Footsteps pounded across the courtyard. Kyr burst through the gates, his storm-gray eyes wide with relief and barely-contained panic. His second-in-command took one look at Vaelrik’s naked, bloodied form and immediately shrugged out of his traveling cloak.

“What in the seven hells happened?” Kyr demanded, wrapping the dark fabric around Vaelrik’s shoulders.

Dragon shifters, witches, and humans—they all stared from the courtyard’s edges, whispers rising like smoke. Vaelrik didn’t care. He’d saved Serenya from that creature. He knew what they were up against now. The rest could burn for all it mattered.

“Later,” Vaelrik said, his voice thick with exhaustion. “I need to go to my quarters.”

Serenya fell into step beside him, her shoulder brushing his arm as they crossed the threshold. She wanted to be close to him—he could feel it through their bond, that same magnetic pull that had been building since their kiss. The need to tend to him, to make sure he was truly safe.

His quarters felt like sanctuary after the Gloam’s twisted reality. Vaelrik moved to his supply chest with economical precision, retrieving bandages, healing salve, and a bottle of something strong enough to clean wounds. When he settled on his bed, Serenya sat beside him without invitation.

Her fingers worked the cloak’s clasp with steady hands, fabric falling away to reveal the gash across his ribs—angry red, still weeping blood, but clean of corruption. The sight of his wound made her jaw tighten with something possessive and fierce.

“Let me,” she said, reaching for the supplies.

He didn’t argue. Couldn’t, really, when her proximity sent heat racing through his blood and made his dragon purr with satisfaction.
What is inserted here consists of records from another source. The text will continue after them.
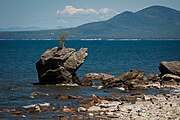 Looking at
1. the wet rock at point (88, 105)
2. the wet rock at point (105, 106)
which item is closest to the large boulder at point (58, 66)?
the wet rock at point (105, 106)

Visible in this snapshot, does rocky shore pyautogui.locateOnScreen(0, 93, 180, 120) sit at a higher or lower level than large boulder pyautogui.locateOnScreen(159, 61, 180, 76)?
lower

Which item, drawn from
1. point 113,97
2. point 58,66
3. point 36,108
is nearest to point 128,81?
point 58,66

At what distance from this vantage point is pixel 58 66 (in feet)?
179

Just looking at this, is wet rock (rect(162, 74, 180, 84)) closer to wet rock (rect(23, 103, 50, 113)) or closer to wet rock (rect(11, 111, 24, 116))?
wet rock (rect(23, 103, 50, 113))

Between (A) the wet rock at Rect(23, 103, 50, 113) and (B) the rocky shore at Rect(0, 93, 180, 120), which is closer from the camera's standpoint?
(B) the rocky shore at Rect(0, 93, 180, 120)

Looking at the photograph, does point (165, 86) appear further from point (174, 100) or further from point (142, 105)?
point (142, 105)

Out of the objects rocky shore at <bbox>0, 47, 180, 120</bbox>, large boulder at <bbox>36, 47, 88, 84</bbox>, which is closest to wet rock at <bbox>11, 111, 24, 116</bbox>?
rocky shore at <bbox>0, 47, 180, 120</bbox>

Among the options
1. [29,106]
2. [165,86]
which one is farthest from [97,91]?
[29,106]

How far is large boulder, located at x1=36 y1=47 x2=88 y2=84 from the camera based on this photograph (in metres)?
54.6

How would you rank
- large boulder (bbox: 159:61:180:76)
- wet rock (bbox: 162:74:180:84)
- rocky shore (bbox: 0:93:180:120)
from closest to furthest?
rocky shore (bbox: 0:93:180:120), wet rock (bbox: 162:74:180:84), large boulder (bbox: 159:61:180:76)

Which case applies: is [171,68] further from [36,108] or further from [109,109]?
[36,108]

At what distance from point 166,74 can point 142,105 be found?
23.3 m

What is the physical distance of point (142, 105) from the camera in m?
37.0

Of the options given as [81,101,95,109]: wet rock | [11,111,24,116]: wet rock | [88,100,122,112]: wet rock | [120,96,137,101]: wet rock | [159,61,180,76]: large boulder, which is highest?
[159,61,180,76]: large boulder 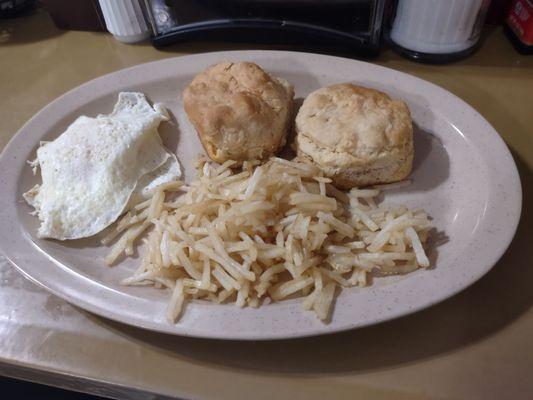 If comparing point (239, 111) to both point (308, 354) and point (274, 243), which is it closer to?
point (274, 243)

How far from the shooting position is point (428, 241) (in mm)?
995

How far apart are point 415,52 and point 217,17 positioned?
69 cm

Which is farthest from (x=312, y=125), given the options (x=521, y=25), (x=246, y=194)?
(x=521, y=25)

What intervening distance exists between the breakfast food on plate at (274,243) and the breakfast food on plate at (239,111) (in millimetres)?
108

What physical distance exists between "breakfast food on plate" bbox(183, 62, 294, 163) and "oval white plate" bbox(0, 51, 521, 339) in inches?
5.9

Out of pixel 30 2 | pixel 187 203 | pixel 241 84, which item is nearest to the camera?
pixel 187 203

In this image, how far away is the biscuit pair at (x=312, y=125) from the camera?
105 cm

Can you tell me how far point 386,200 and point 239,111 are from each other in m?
0.43

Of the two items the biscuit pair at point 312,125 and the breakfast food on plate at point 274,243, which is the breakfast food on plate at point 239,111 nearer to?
the biscuit pair at point 312,125

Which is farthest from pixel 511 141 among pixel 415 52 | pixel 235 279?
Answer: pixel 235 279

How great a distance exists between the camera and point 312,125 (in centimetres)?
110

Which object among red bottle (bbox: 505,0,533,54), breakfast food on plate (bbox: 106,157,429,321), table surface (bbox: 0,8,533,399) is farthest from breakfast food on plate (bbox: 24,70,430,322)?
red bottle (bbox: 505,0,533,54)

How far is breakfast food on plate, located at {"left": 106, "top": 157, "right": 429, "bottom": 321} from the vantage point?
0.91 m

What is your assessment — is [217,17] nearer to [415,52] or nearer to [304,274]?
[415,52] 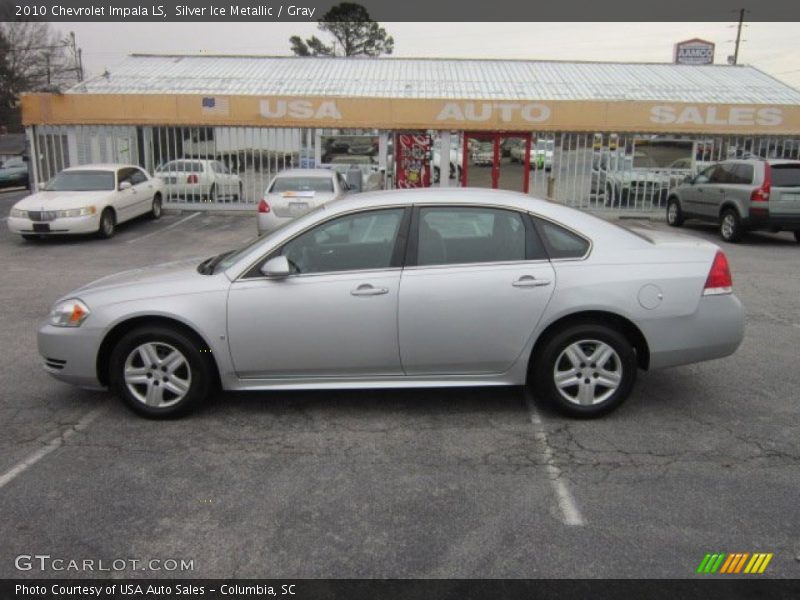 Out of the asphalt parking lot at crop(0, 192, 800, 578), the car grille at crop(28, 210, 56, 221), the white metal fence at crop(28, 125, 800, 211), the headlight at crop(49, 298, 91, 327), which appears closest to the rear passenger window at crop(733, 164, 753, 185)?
the white metal fence at crop(28, 125, 800, 211)

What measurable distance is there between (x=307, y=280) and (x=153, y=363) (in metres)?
1.20

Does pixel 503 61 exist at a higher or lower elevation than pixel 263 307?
higher

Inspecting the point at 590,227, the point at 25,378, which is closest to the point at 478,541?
the point at 590,227

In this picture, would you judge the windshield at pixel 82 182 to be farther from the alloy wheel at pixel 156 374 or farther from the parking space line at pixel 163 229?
the alloy wheel at pixel 156 374

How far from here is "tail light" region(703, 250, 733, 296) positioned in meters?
4.71

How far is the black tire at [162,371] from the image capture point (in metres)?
4.64

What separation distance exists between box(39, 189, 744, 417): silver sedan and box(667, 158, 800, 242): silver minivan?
967cm

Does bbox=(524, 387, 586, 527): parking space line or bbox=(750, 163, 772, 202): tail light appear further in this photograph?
bbox=(750, 163, 772, 202): tail light

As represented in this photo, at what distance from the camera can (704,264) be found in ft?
15.6

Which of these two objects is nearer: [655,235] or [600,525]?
[600,525]

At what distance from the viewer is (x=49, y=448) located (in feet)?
14.3

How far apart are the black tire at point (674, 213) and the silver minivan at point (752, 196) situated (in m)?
1.26

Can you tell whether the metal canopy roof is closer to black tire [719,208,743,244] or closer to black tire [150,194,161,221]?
black tire [150,194,161,221]
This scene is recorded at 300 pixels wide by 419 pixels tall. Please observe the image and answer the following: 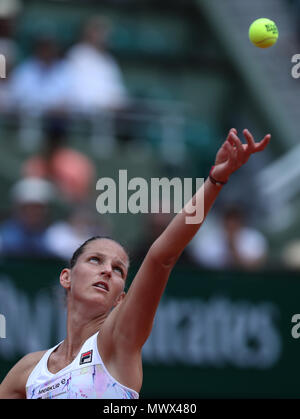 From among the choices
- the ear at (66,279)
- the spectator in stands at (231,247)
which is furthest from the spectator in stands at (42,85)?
the ear at (66,279)

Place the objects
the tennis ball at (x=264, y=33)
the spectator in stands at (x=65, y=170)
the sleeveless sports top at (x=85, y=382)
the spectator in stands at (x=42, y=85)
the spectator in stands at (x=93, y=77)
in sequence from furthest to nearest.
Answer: the spectator in stands at (x=93, y=77) < the spectator in stands at (x=42, y=85) < the spectator in stands at (x=65, y=170) < the tennis ball at (x=264, y=33) < the sleeveless sports top at (x=85, y=382)

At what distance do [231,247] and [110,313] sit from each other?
16.5ft

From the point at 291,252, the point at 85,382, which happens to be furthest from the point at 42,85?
the point at 85,382

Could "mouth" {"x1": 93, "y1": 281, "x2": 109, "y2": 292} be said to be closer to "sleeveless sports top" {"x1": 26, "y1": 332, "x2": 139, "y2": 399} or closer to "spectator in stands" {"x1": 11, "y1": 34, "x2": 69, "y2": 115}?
"sleeveless sports top" {"x1": 26, "y1": 332, "x2": 139, "y2": 399}

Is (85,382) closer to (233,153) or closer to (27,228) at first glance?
(233,153)

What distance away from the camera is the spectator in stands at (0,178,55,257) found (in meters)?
8.42

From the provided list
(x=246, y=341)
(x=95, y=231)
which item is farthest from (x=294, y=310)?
(x=95, y=231)

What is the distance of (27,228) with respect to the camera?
28.1 ft

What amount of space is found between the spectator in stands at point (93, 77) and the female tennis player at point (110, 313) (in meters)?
6.26

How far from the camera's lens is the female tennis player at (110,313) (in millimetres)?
3832

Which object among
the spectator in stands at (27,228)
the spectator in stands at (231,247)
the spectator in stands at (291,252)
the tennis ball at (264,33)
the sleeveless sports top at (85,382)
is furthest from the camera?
the spectator in stands at (291,252)

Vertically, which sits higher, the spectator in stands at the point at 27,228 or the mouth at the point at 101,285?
the spectator in stands at the point at 27,228

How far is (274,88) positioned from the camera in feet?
45.1

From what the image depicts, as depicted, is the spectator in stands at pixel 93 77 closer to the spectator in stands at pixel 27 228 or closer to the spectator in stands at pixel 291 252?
the spectator in stands at pixel 27 228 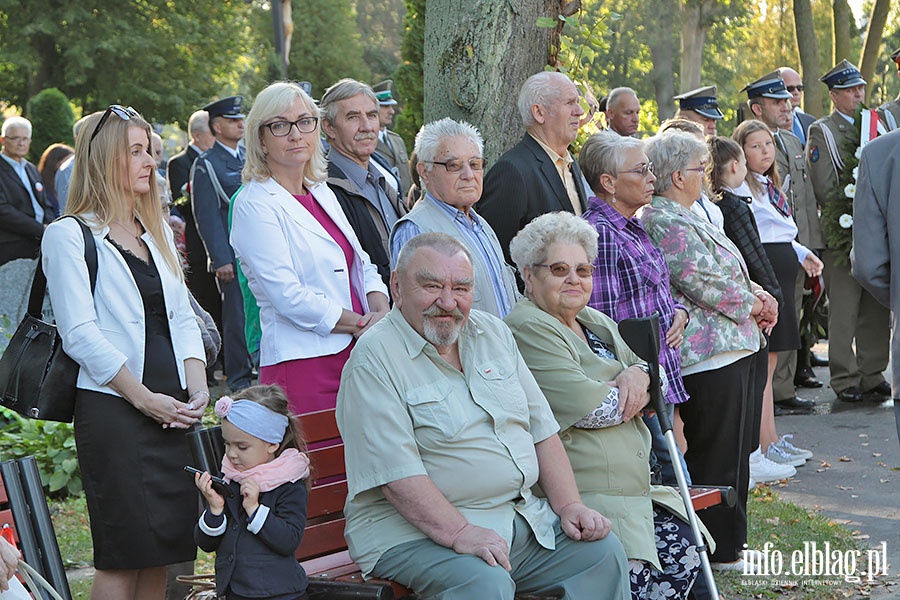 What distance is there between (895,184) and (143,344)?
10.2ft

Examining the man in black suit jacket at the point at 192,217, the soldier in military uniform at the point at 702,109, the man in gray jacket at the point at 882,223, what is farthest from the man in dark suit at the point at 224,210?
the man in gray jacket at the point at 882,223

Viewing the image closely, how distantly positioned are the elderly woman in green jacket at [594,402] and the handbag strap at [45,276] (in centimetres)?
158

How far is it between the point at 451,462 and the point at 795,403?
6.51 m

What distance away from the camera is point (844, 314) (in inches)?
405

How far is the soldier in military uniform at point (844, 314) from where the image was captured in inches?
400

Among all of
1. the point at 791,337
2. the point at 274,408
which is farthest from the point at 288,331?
the point at 791,337

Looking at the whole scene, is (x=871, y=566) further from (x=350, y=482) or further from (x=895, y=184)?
(x=350, y=482)

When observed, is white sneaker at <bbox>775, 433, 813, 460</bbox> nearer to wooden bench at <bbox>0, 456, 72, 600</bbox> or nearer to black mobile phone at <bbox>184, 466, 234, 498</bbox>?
black mobile phone at <bbox>184, 466, 234, 498</bbox>

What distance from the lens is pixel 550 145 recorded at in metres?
6.01

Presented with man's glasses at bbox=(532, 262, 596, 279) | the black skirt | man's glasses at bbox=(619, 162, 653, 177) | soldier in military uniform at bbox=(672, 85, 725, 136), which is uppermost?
soldier in military uniform at bbox=(672, 85, 725, 136)

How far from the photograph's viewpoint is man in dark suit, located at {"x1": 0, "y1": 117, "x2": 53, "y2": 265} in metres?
11.3

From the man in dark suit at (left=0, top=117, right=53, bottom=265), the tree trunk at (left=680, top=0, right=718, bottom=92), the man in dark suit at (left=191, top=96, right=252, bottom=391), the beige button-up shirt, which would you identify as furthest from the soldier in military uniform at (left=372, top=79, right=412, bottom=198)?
the tree trunk at (left=680, top=0, right=718, bottom=92)

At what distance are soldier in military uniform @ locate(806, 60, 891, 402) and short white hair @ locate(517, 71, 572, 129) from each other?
5088mm

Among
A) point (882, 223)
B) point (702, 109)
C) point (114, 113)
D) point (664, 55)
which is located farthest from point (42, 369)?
point (664, 55) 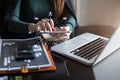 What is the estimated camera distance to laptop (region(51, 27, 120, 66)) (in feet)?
2.97

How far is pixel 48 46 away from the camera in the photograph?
1055 millimetres

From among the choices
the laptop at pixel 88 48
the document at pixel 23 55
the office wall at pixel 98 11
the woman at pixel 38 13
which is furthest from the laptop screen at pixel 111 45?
the office wall at pixel 98 11

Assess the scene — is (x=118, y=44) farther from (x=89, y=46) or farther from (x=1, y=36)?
(x=1, y=36)

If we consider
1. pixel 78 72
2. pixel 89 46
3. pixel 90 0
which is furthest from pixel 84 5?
pixel 78 72

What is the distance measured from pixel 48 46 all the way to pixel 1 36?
18.7 inches

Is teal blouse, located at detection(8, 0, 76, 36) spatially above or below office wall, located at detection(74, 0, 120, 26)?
above

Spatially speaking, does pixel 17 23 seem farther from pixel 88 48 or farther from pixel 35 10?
pixel 88 48

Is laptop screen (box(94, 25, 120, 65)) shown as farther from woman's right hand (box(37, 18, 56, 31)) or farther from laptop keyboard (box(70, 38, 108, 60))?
woman's right hand (box(37, 18, 56, 31))

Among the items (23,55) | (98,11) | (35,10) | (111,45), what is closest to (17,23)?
(35,10)

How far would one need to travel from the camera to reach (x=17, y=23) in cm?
129

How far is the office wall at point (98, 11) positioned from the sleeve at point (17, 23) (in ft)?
2.13

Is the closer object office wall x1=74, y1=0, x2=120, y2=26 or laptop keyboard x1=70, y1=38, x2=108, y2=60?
laptop keyboard x1=70, y1=38, x2=108, y2=60

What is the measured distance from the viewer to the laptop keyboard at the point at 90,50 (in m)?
0.97

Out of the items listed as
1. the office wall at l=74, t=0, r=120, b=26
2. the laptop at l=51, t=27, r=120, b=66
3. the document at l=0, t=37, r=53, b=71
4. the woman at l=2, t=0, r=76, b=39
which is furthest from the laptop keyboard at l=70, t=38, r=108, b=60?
the office wall at l=74, t=0, r=120, b=26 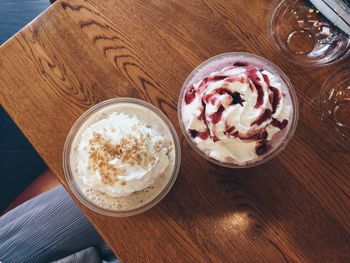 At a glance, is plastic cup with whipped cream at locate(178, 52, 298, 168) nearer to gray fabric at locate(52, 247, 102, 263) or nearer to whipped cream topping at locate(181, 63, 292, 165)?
whipped cream topping at locate(181, 63, 292, 165)

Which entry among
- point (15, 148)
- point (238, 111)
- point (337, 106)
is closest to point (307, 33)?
point (337, 106)

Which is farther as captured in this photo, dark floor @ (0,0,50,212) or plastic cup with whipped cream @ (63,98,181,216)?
dark floor @ (0,0,50,212)

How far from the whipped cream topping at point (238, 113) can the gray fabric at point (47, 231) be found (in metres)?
0.58

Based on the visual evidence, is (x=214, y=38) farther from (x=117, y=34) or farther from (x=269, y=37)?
(x=117, y=34)

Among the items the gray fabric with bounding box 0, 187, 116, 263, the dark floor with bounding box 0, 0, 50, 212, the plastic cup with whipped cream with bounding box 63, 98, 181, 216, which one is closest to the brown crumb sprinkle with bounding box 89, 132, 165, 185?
the plastic cup with whipped cream with bounding box 63, 98, 181, 216

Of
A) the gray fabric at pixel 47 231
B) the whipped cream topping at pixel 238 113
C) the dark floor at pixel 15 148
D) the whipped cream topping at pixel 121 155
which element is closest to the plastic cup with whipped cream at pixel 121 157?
the whipped cream topping at pixel 121 155

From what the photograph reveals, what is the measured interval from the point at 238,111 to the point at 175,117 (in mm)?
226

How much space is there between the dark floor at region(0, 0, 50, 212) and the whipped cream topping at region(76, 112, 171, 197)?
1.97 feet

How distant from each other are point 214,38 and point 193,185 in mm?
390

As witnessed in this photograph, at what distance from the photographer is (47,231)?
142cm

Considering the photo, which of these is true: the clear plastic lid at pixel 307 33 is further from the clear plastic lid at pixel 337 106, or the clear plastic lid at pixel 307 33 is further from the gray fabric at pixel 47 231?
the gray fabric at pixel 47 231

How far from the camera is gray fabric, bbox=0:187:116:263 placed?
1.42 metres

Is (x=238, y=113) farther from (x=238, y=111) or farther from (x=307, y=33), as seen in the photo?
(x=307, y=33)

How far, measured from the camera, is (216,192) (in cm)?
114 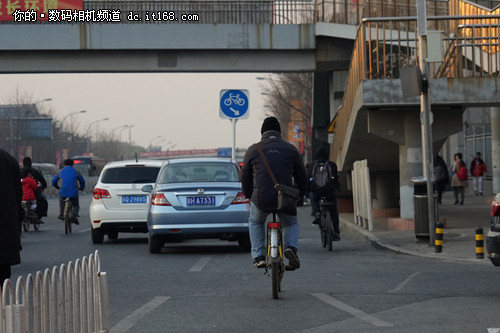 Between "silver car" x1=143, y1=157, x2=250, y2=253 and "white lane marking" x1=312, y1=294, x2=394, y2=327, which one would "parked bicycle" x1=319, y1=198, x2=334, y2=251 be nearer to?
"silver car" x1=143, y1=157, x2=250, y2=253

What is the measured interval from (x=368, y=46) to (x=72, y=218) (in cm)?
807

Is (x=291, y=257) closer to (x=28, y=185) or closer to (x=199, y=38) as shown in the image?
(x=28, y=185)

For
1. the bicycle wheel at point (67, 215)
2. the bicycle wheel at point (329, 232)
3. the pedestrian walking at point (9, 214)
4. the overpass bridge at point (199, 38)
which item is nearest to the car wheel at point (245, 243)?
the bicycle wheel at point (329, 232)

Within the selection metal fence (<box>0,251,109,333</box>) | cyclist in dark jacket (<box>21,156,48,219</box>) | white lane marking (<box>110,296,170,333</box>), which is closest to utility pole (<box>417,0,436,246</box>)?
white lane marking (<box>110,296,170,333</box>)

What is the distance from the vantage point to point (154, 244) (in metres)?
16.8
This wasn’t the clinical stabilization ritual from days ago—this was intimate, chosen, layered with emotions neither could deny anymore.

Serenya’s palm settled against his bare chest, and the shackle bond didn’t just flare—it detonated.

Power erupted between them like lightning striking twice, white-gold light colliding with shadowfire in a resonance so pure it made the air itself sing.

The metal bands around their wrists cracked, then shattered completely, falling to the floor in smoking pieces.

She jerked back, eyes wide. “How is that possible? The shackles shouldn’t break.”

The truth burned in his chest like molten metal, ancient and inevitable.

“It’s the mate bond. It’s growing too strong for shackles,” he said simply.

Her breath caught. “Vaelrik...”

“You’re my fated mate, Serenya.” The words came out rougher than intended, weighted with denial finally cracking apart. “I knew it from the moment you touched me in the Council chamber that first day you were summoned here.”

His curse surged upward, hungry and possessive. But his dragon slammed down over it like wings shielding precious treasure, forcing the corruption back into submission. She was his to protect—even from the darkness inside him.

“That seems impossible,” she whispered, but her voice carried wonder instead of fear. “But it makes sense now. Everything I’ve been feeling for you...”

The admission hit him like dragonfire to the chest. Want. Need. The bone-deep certainty that she was meant to be his, and he hers.

“I want you,” he said, voice dropping to something raw and honest. “But I have to train my dragon to overcome my curse’s hunger, or I could hurt you.”

Her green eyes blazed with defiance. “I’m not afraid. Maybe our magic and your dragon already know what to do.”

One more breath and he’d kiss her again. One more heartbeat and he’d test every boundary they’d carefully maintained.

“Maybe,” he murmured, leaning closer until her warmth ghosted across his lips, “we should try and find out.”